In Georgetown, of course, there were actually people walking around. Really, really rich people. Actually, it was kind of funny: it was a cold February day, but all the debutantes still want to look trendy, so they're wearing clothes made of thin material that aren't really warm enough for winter. And thus freezing their bony little asses off. Good fun to watch.

After ducking into an M Street CD store that was roughly the size of a broom closet (and where you're apparently not allowed to use cell phones, for some reason), I got bored and started walking east out of Georgetown. The number of people walking around on the streets dropped off sharply. First, I encountered one of my favorite things, a traffic circle:

Hard to believe that nobody wants to spend their leisure time sitting in the middle of a circle that cars are constantly driving around.
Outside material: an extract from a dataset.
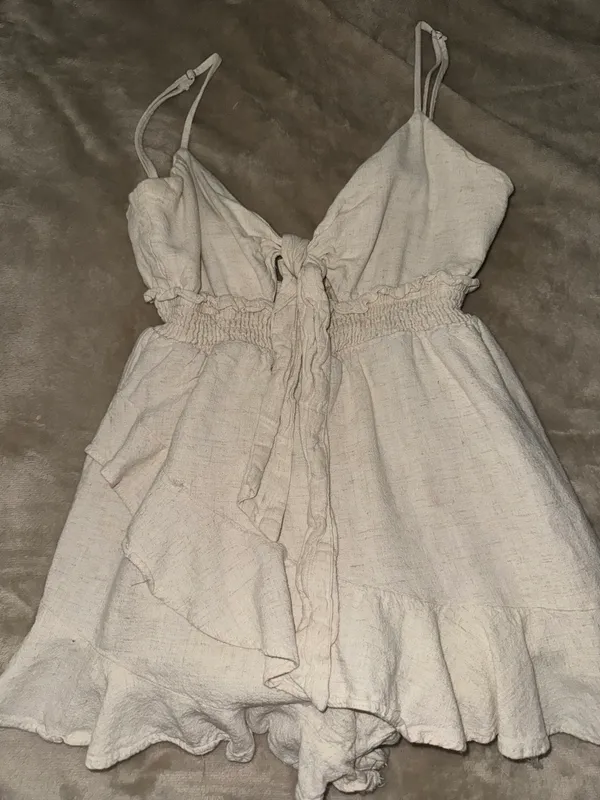 Saints + Secrets White Romper - Image 2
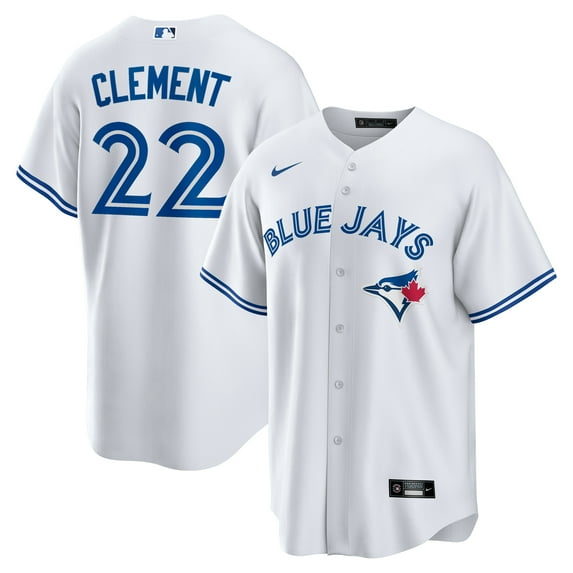 Men's Nike Ernie Clement White Toronto Blue Jays Home Replica Jersey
I kept walking east. On a Sunday, almost all of the shops, restaurants and businesses here are closed. Which begs the question: why are the streets still jammed with cars?
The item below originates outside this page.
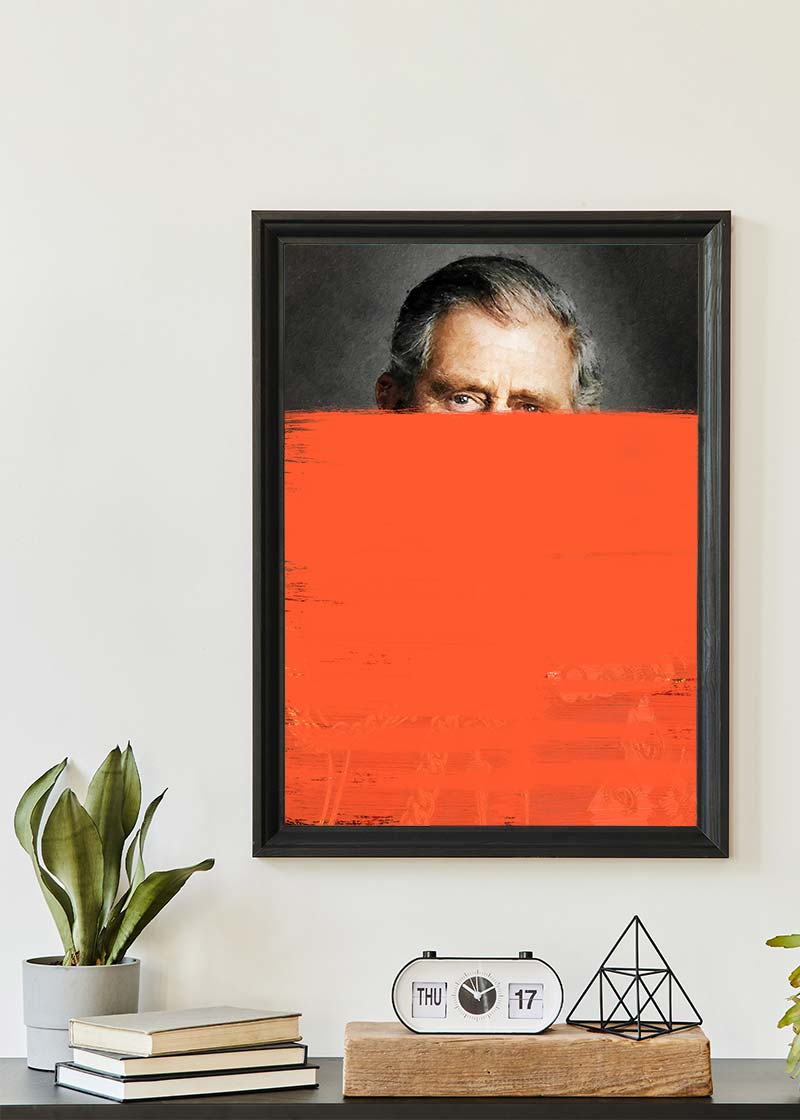 King Charles III Dipped Paint Print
This is I Street. As you can see, there's absolutely nothing going on, no points of interest nearby, and nothing is even open. So what's with all the fucking cars? There's not an open parking space in sight. Not that I was driving that day, but still, this is infuriating if you're actually trying to go somewhere, and for no good reason there's absolutely no place to park. Where are all those people who drove their cars down here? There's nothing to fucking do here, people.

See that? "Marvelous Market!" Sounds good, like they might have sammiches or smoothies. Oh, too bad, it's closed. Nobody needs to eat on Sunday. But hey, at least the nearby branches of T.G.I. Friday's and Wendy's are open! Hooray for crap I can just get in suburbs anyway!

OK, I'm glad I saw this, because it illustrates what a pain in the ass it can be do try to drive into Washington. We're at the corner of M and 17th. If you're driving north on 17th, and look up at the street sign, you're going to be confused, because this makes it look like 17th might be the cross street, or maybe continues around as the cross street. If you're me, you probably turn left like an idiot, because you just don't know.

All because those idiots put the street sign on the wrong side. It's hard enough trying to get around with all the traffic circles, roads that dead-end, etc... do they really have to throw in the extra challenge of misleading people with incorrect signage? That's just cruel. I know I should be thankful there's a sign there at all, but still. That's diabolical.

This is the grass on the Cato Institute's front lawn. Is there any other city where people can actually make a living by advancing and promoting the libertarian ideal, without getting beaten up? No, and that's why D.C. needs a good sacking. Here I am stepping on the grass, in the interests of social Darwinism. Or perhaps the free market said it was OK, or something. At any rate, suck it, Cato Institute.

Ahh, I've almost arrived at my destination. At [Bernie Ebbers Memorial] Center, this a busy basketball day, so people are actually walking around and businesses are actually open. Including Chinese Hooters!

Yes, nothing says "authentic Chinatown" like Hooters. I believe the Chinese characters translate to "Owl women feed you chicken."

This is why I came all the way downtown, for sure. So that I can go to Chinese Hooters. (Come to think of it, "Chinese Hooters" is something of an oxymoron. Hmmm.) But if that's not your style, there are eleventy thousand other chain restaurants within two blocks.

Of course, Chinatown also has the cheap bus to NYC... and after walking through an empty city center on a Sunday afternoon, you're tempted to just jump on it and head for a city that doesn't blow.

OK! That's all for now. Time to go get crunk.